The concept of the Native people as savages and their implementation in business and commerce creates barriers to the development of the basis for moral respect. Moreover, many practices related to cultural appropriation in sports can be inherently disrespectful and insensitive towards race. For example, Stretten states that the players of a Canadian amateur football club, the Nepean “Redskins,” call each other redskins during the game, and it provokes a risk that they may consequently use the racially insensitive language off the field or even promote its use among others. They give practice is very much similar to the use of racist verbal expression towards other minority groups such as African Americans. Both of the ethnic groups were exposed to hostile attitudes from the major population group in the country, and most of the offensive racial expressions originate from the time of conflicts and oppression. Not only do they have negative connotations but also foster racial discrimination. It is also worth noticing that Native Americans are usually under-represented in most of the teams and communities where sports clubs using culturally insensitive mascots are located. As Stretten observes, Native people and particularly urban Natives are almost always outnumbered within the US society. For this reason, it is valid to presume that the non-Native Americans made the decisions to implement Native imagery in mascots and logos ignoring the fact that probably all Natives are against it.
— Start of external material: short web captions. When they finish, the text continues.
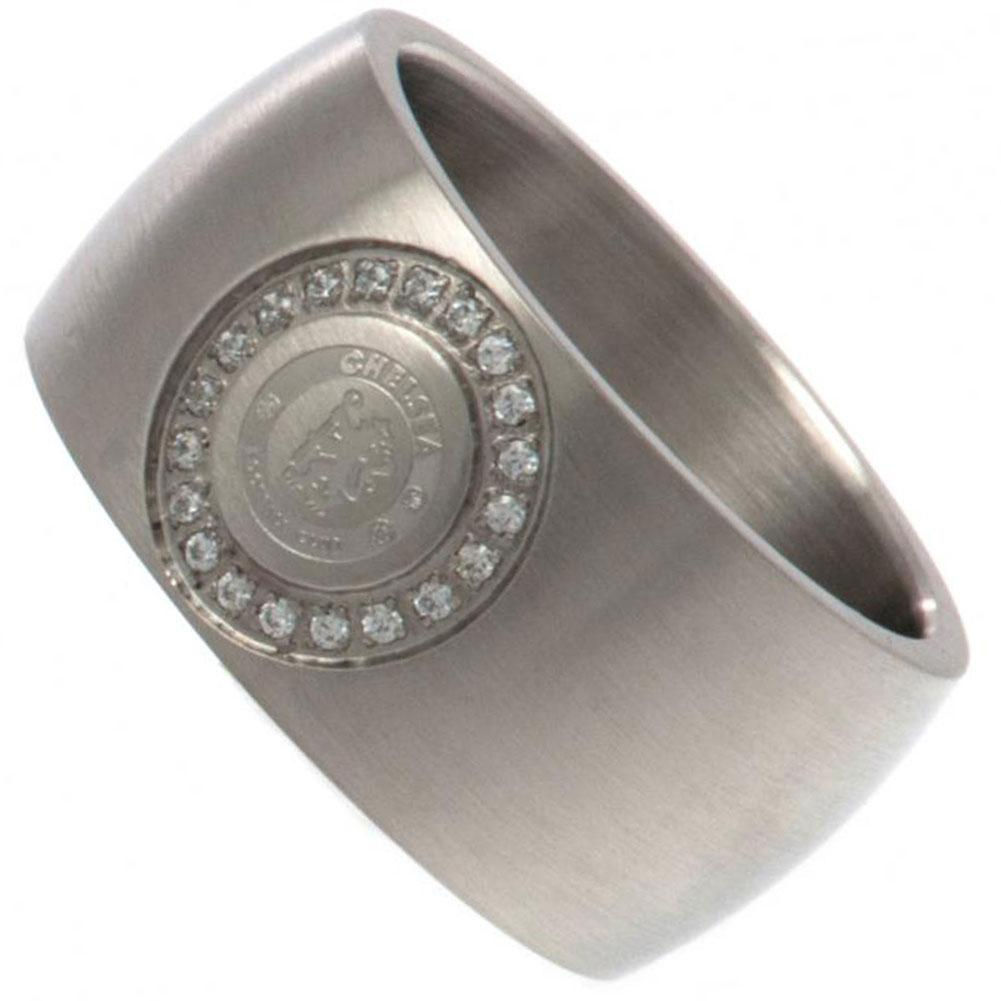 Chelsea FC Stone Set Ring Medium.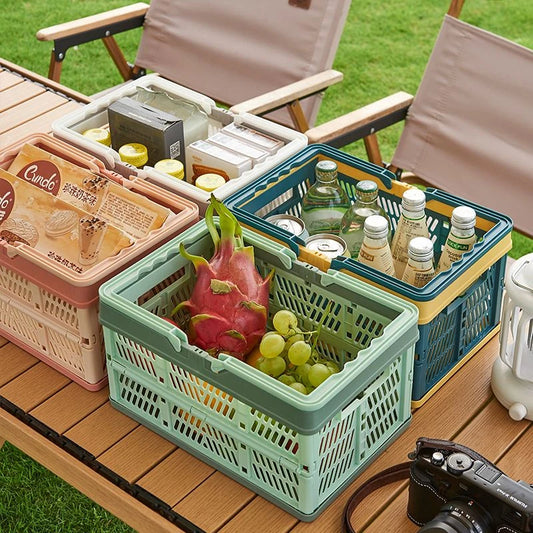 Folding Storage Cabinet – Installation-Free Storage Box Organizer for Living Room, Kitchen, Toys & Snacks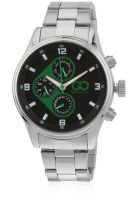 Gio Collection Gad0038A-C Silver/Green Chronograph Watch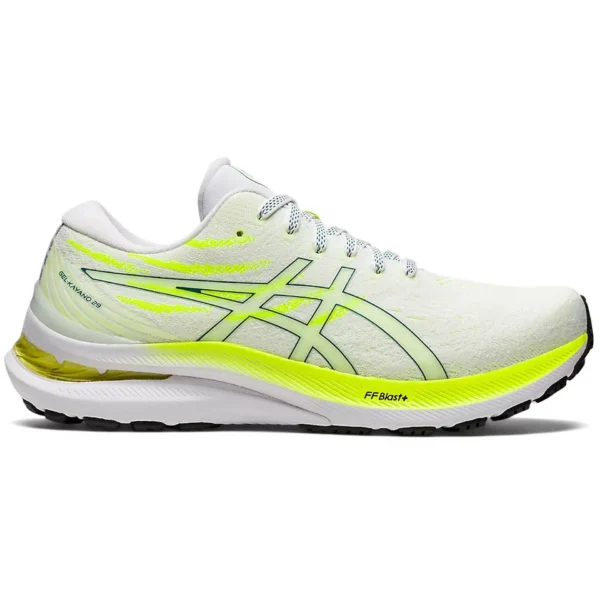 ASICS Gel-Kayano 29 White Velvet Pine Safety Yellow (Womens)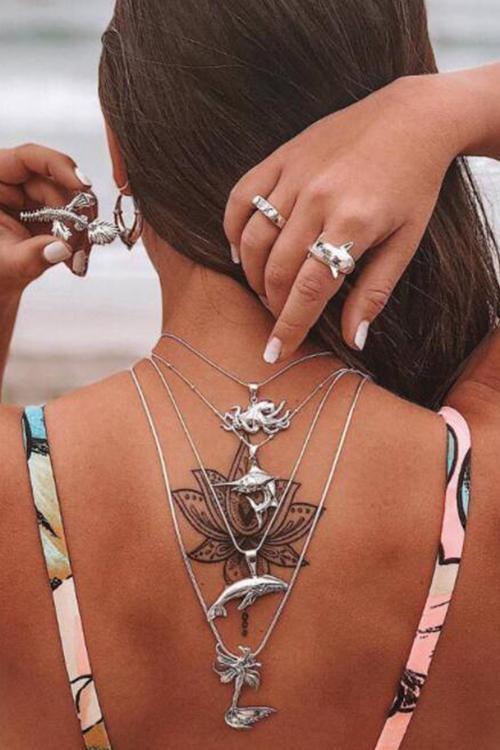 Fish Layer Necklace
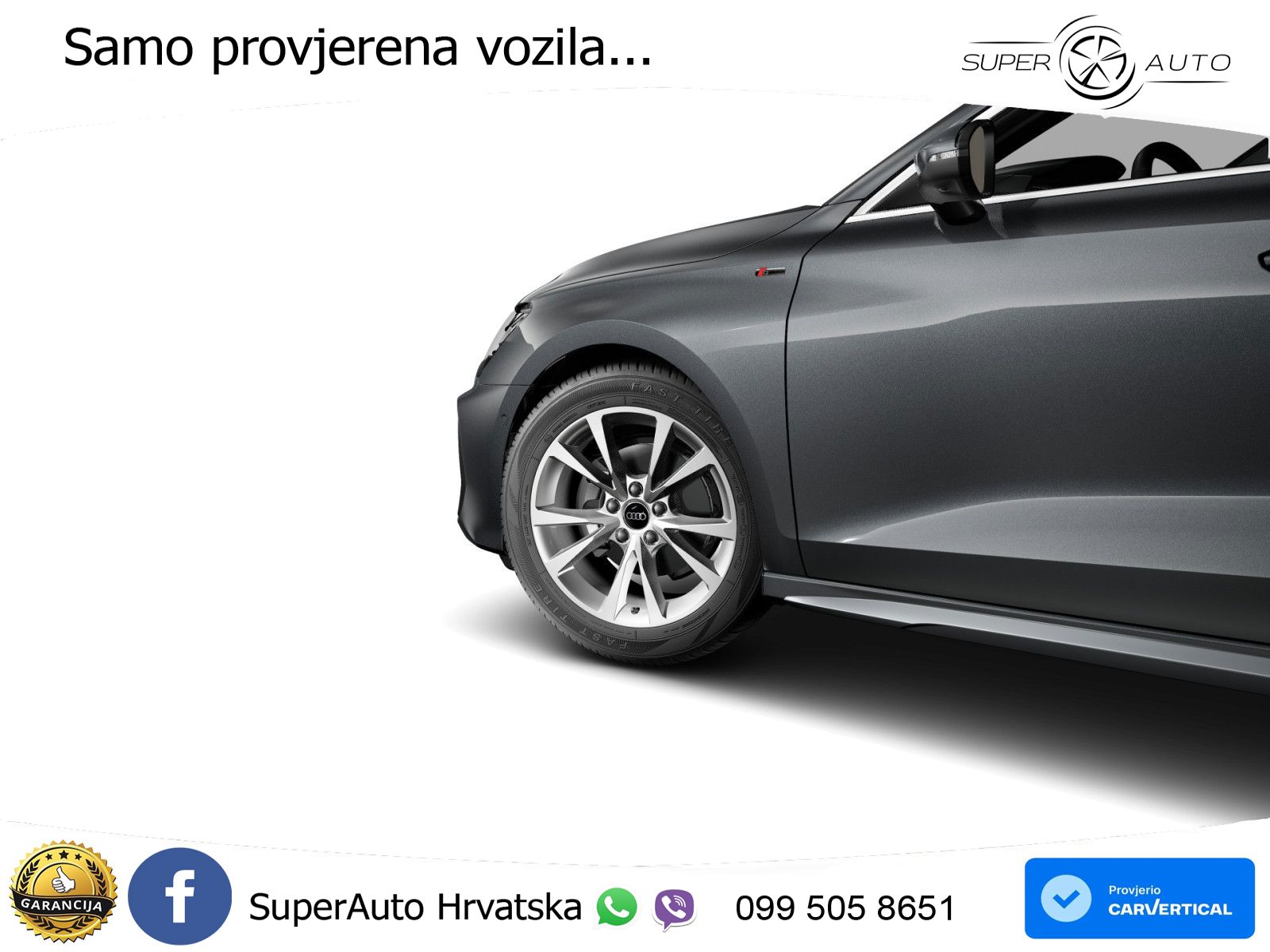 Audi A3 30 TDI (116 KS) 2x S line LED+GR SJED+ACC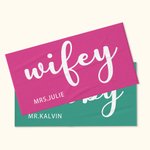 Personalisierte Wifey Hubby Super saugfähige schnell trocknende Strand Handtuch mit Namen Satz von 2 Multicolor verfügbar Flitterwochen Sommer Urlaub 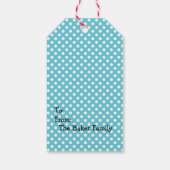 Elf op het Gift Label Cadeaulabel (Achterkant)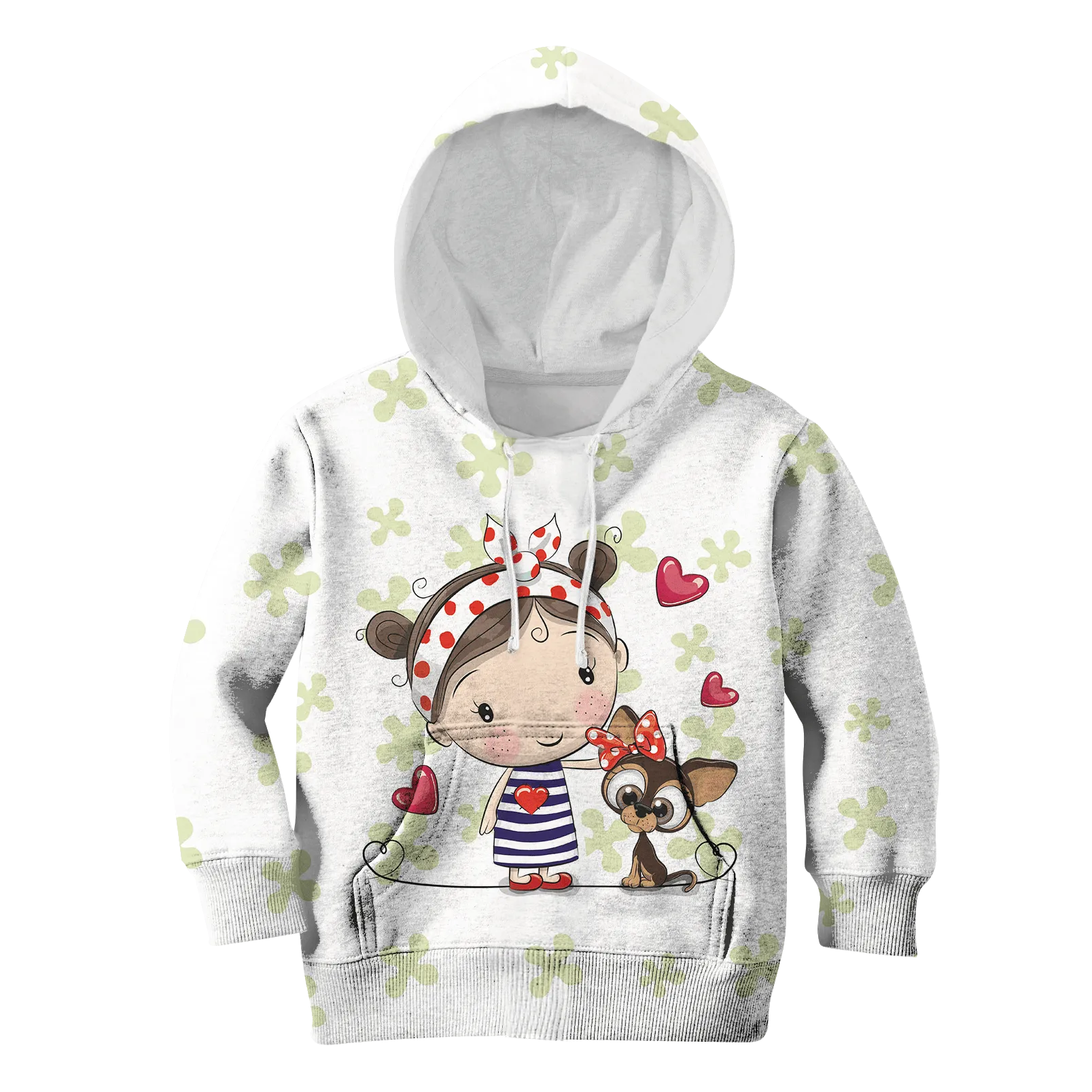 Little Girl And Her Friend Dog Custom Cosplay Kid Hoodie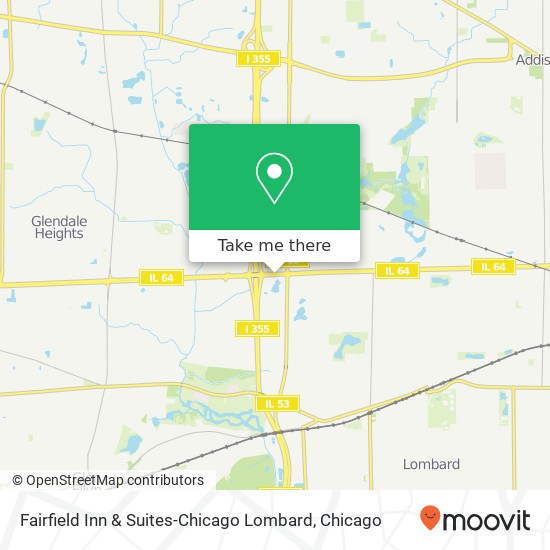 Fairfield Inn & Suites-Chicago Lombard map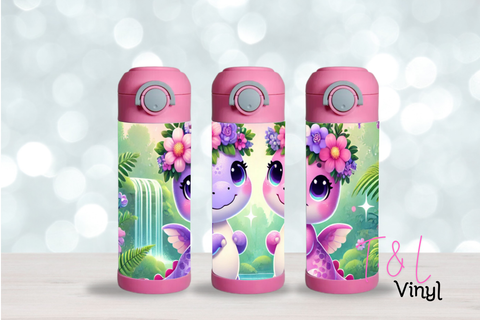 2- Cute Dinos 120oz Sublimation Tumbler Print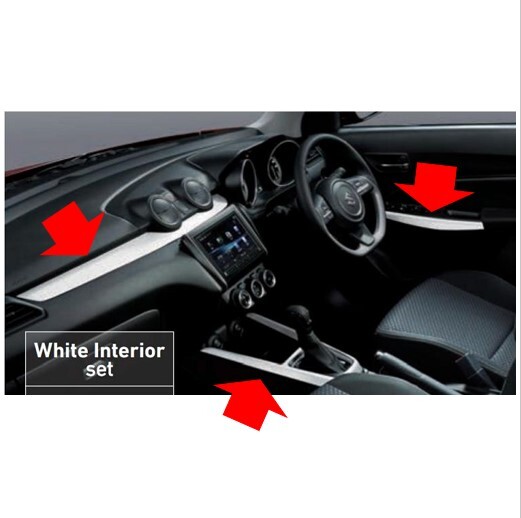 ◆新品 未使用 純正部品 スズキ スイフト スポーツ インパネ コンソールボックス ドアトリム ガーニッシュ ホワイトインテリア パーツ◆拍卖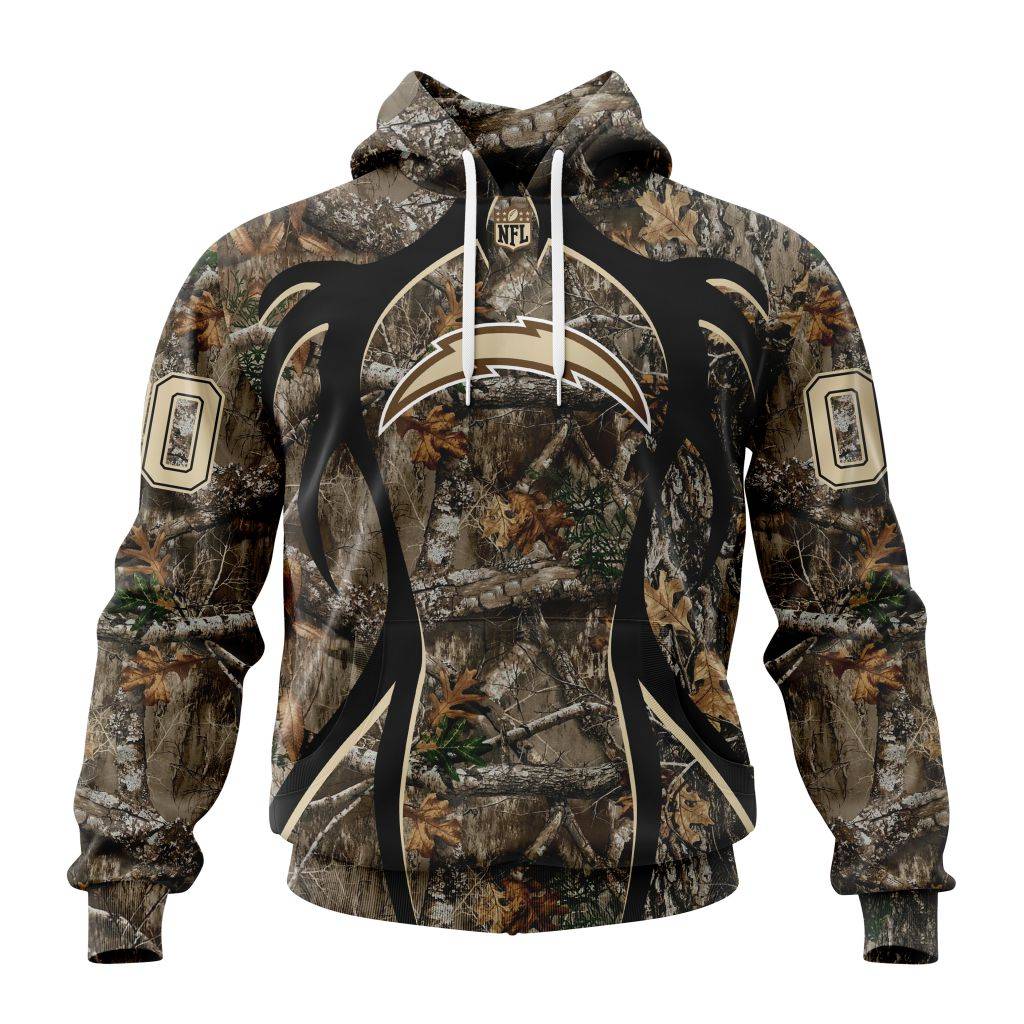 Personalized Nfl Los Angeles Chargers Special Hunting Camo Hoodie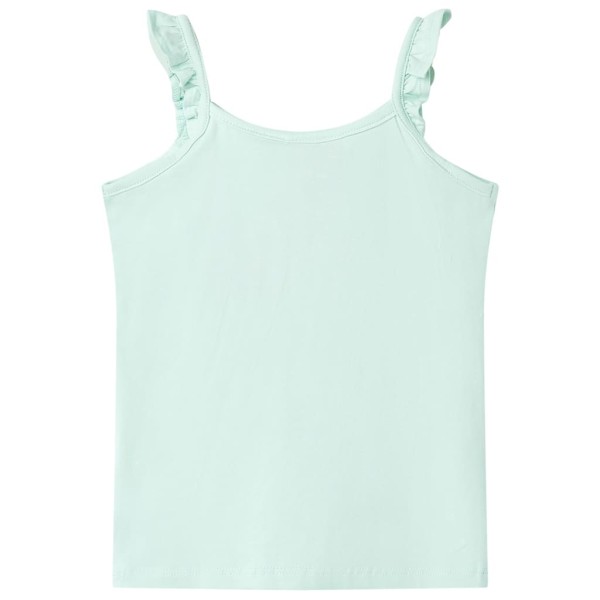 Camiseta de tirantes infantil verde menta claro 116 Camiseta de tirantes infantil verde menta claro 116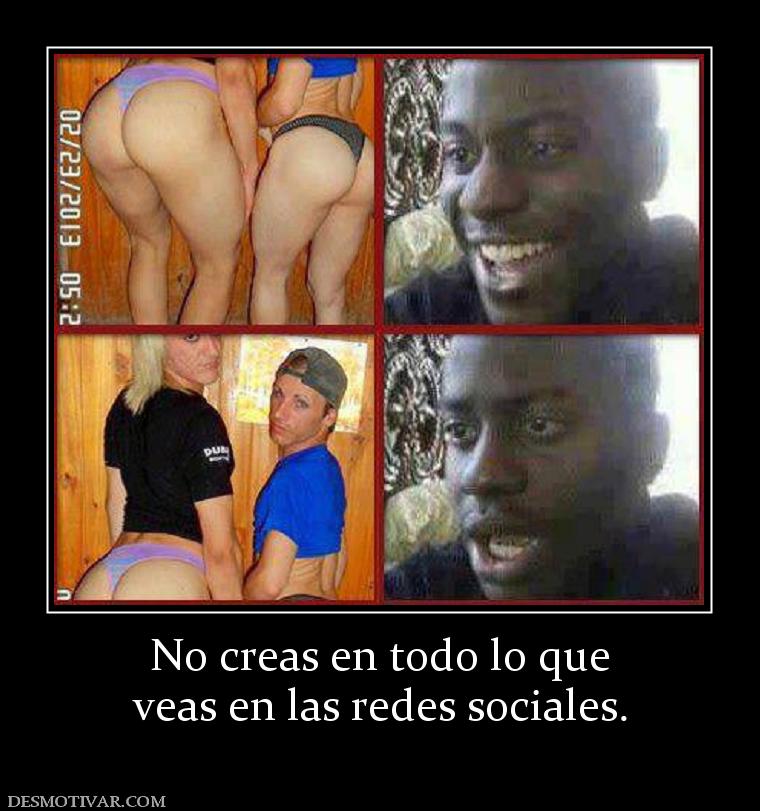 No creas en todo lo que veas en las redes sociales.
It is possible to conclude that although the archetype promoted in popular Native American narratives has positive connotations of nobility and courage, it contributes to the consolidation of social stereotypes and discrimination. Therefore, the implementation of cultural and stereotypical information in mascots has multiple negative effects on both the members of the minority ethnic group and the society as a whole. When a person doesn’t have an opportunity to interact with culturally diverse people on an everyday basis, her/his perception of other ethnicities and cultural groups becomes primarily based on the information received through education and media. In this way, by conveying culturally insensitive images during sports games, schools and sports clubs contribute to the development of unreasonable social expectations and cultural miscommunication. Thus, they significantly harm the dignity of the Native American people and their identity.
Stretten, Amy. “Appropriating Native American Imagery Honors No One but the Prejudice.” ABC News, 2018. Web.